- [INFORMATION GIVEN]
=== Section Start ===

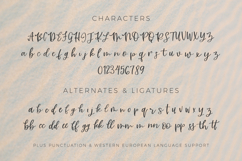 Riviera Mexicana Script Product Image 10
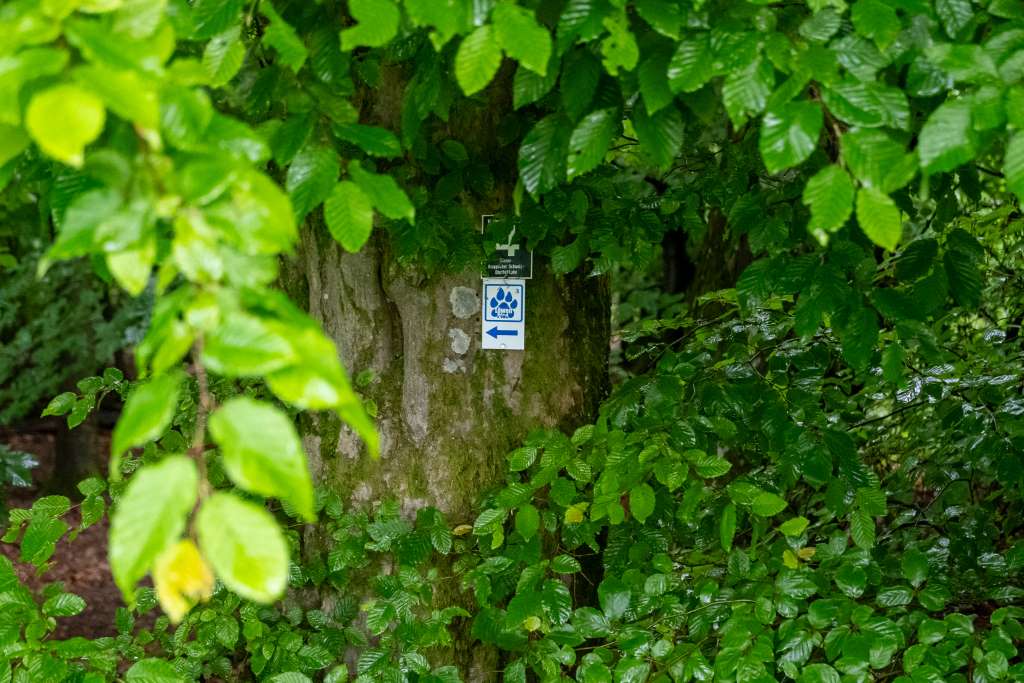 Wandern rund um Hachenburg Löwenspur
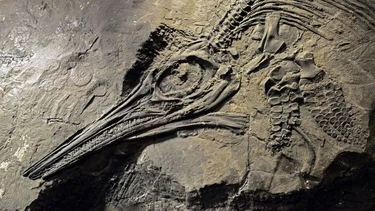 Descubren fósiles del que podría ser "el animal más grande del mundo"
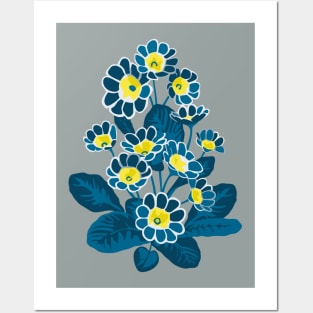 Primula Lace Blue Posters and Art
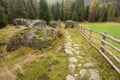 Walking into the forest long a path in a cloudy day. No people a Royalty Free Stock Photo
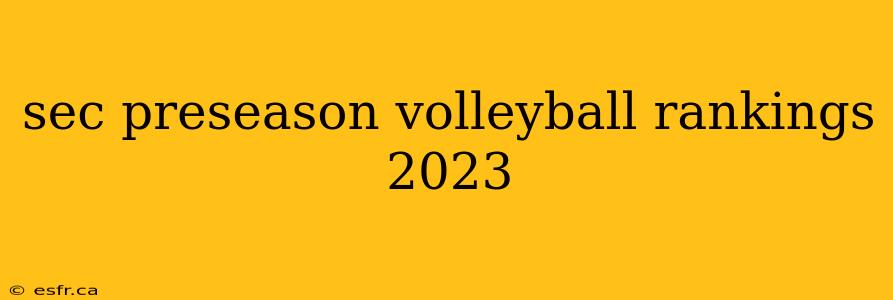 sec preseason volleyball rankings 2023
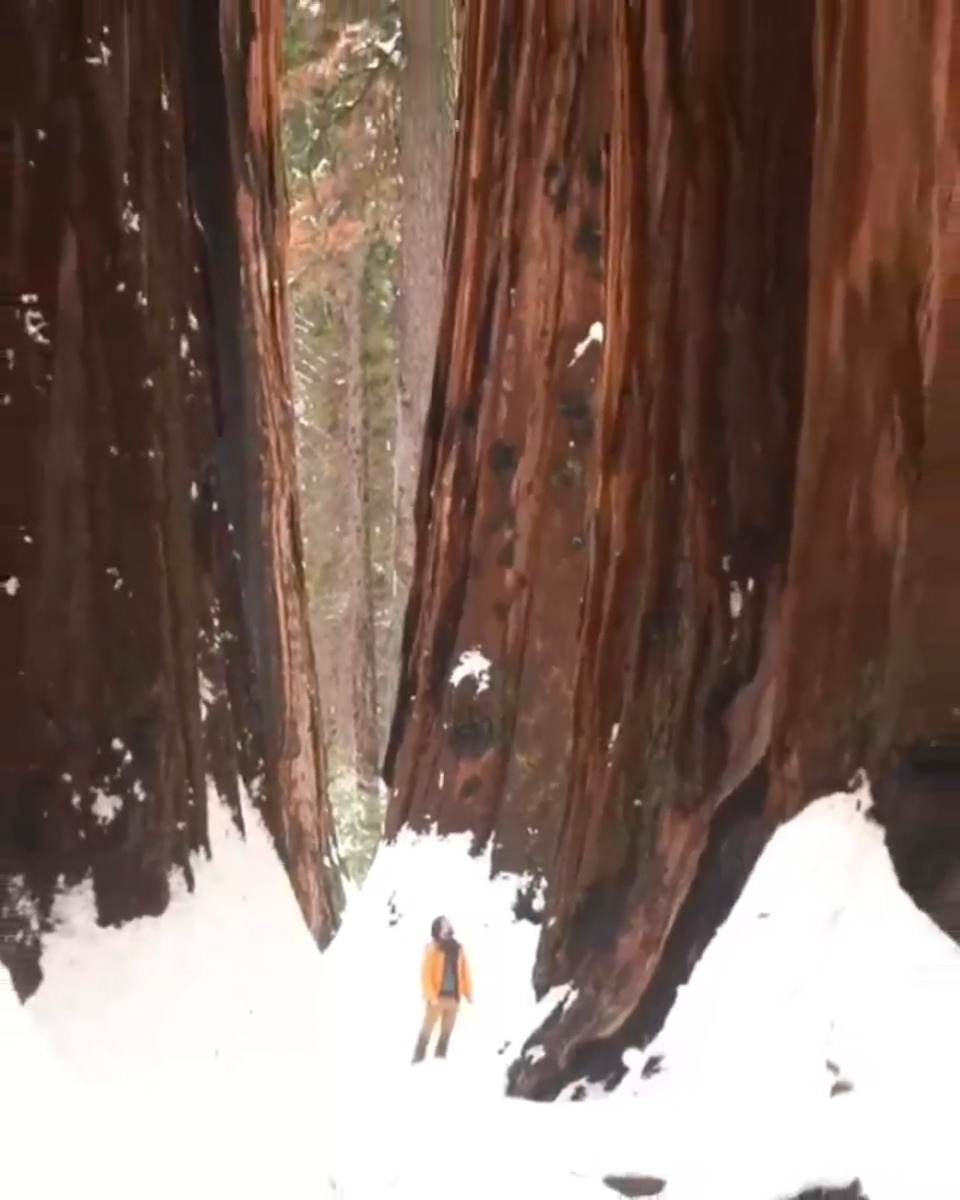 Majestic Redwoods in All Their Glory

=== Section End ===

Copy back exactly the lines above from the one containing "Wandern rund um Hachenburg Löwenspur" through the one containing "sec preseason volleyball rankings 2023", and leave every picture behind.

 Wandern rund um Hachenburg Löwenspur
 Descubren fósiles del que podría ser "el animal más grande del mundo"
 Primula Lace Blue Posters and Art
 Walking into the forest long a path in a cloudy day. No people a Royalty Free Stock Photo
 sec preseason volleyball rankings 2023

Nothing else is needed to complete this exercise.